Sometimes I think that because of all the planning and scheduling I do, people probably think that we do a LOT of school. We don't, really. We do short lessons for each subject- 10-20 minutes- and it's my goal to be finished by noon. (Of course, today it's 12:35 and Ella is still working on her Math... so there are exceptions, but that's the goal, and we usually achieve this goal.)
So, today I thought I'd give you an example of how simple our schooling really is. :)
Each Monday I give Isaias (6) a reading lesson- which is not to say that he doesn't practice reading on other days of the week- it just means that on Mondays we have uninterrupted time- just the two of us- to work on his reading.

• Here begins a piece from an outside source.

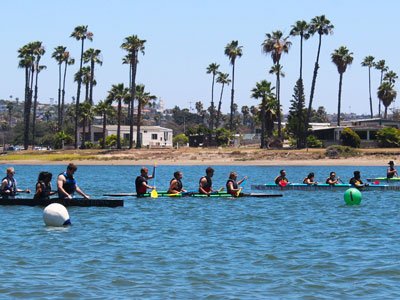 The UNL Concrete Canoe team competes down south with palm trees in the background.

This is what we did today:
We got all cozy under a blanket and he read a BOB book to me. Up, Pup is what he read, and it has sentences like Bud was Pug's pup and Bet sat on Bob in it. (And as he was reading, I was thinking that reading teachers or kindergarden teachers or first grade teachers or whenever and whoever has this as their job in public school-- (See? I'm so out of touch I don't even KNOW anymore!) have a difficult job, because listening to beginning readers stumbling over words all day long might make me pull my hair out.)
You'll be happy to know that I did not pull my hair out because I only have one beginning reader and I can handle that. As he read the book, I could tell that he was struggling with a few things:
*occasionally he would use the short e sound (e as in elephant) instead of the u sound
*he was mixing up the uppercase B's and P's-- sometimes he was using the B-sound for the P, and vice versa
*he was mixing up his lowercase b's and d's- as ALL of my kids have done- (and no. I have no tricks. I've tried everything. They just get those two mixed up and eventually learn.)

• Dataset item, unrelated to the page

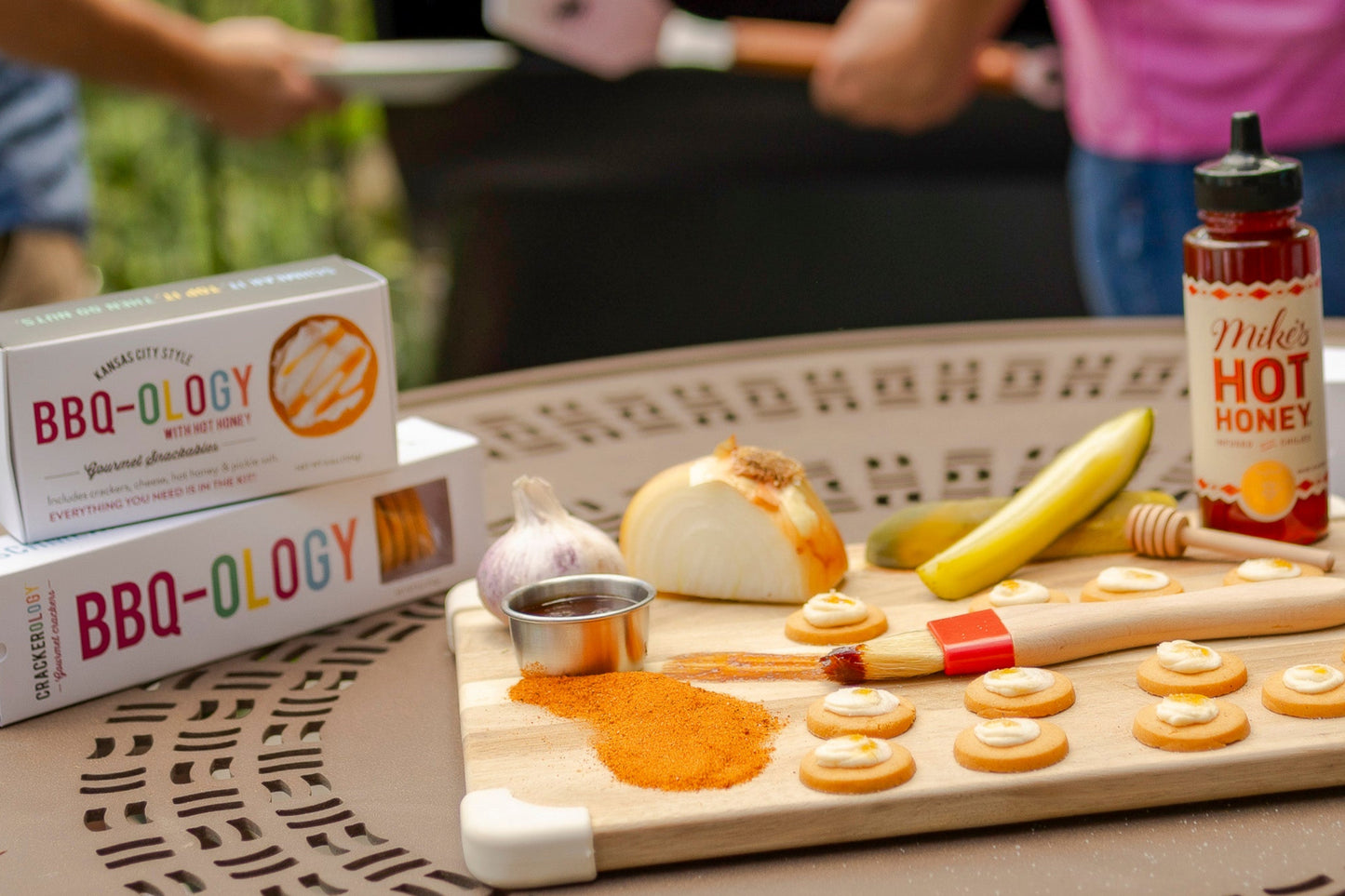 
                  
                    Outdoor setting with people grilling, featuring BBQ-themed products on a table.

So we read the book again, and he did much better the second time around, and he was quite pleased with his success- that second time through he was a whiz!- and he knew it.

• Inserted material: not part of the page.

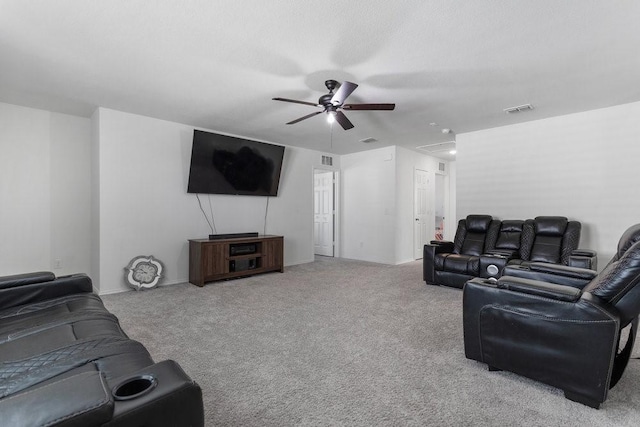 living room featuring light carpet and ceiling fan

Then I got out my binder, in which I have several pages of short-vowel sound words (three and four letters long):
I pointed to each "u" word on the right hand side and he read those- easily, this time.
Then we talked about lowercase b's and d's and I pointed some of them out on another page of words, and then I asked him to make the "b" sound each time I pointed to a b, and he did. I pointed to about 5-6 b's. Then we did the same thing with d's.
I said "Great job!" and we were done. Reading lesson over. (Next week we'll do something else entirely, but that was it for today.) It took about 20 minutes and we were done. Then he scurried off to do some table work- Explode the Code and copywork- and then he was done for the day. (We'd already read an excerpt from our history book at the breakfast table and had done Bible and memory work, too.) See? Easy, peasy.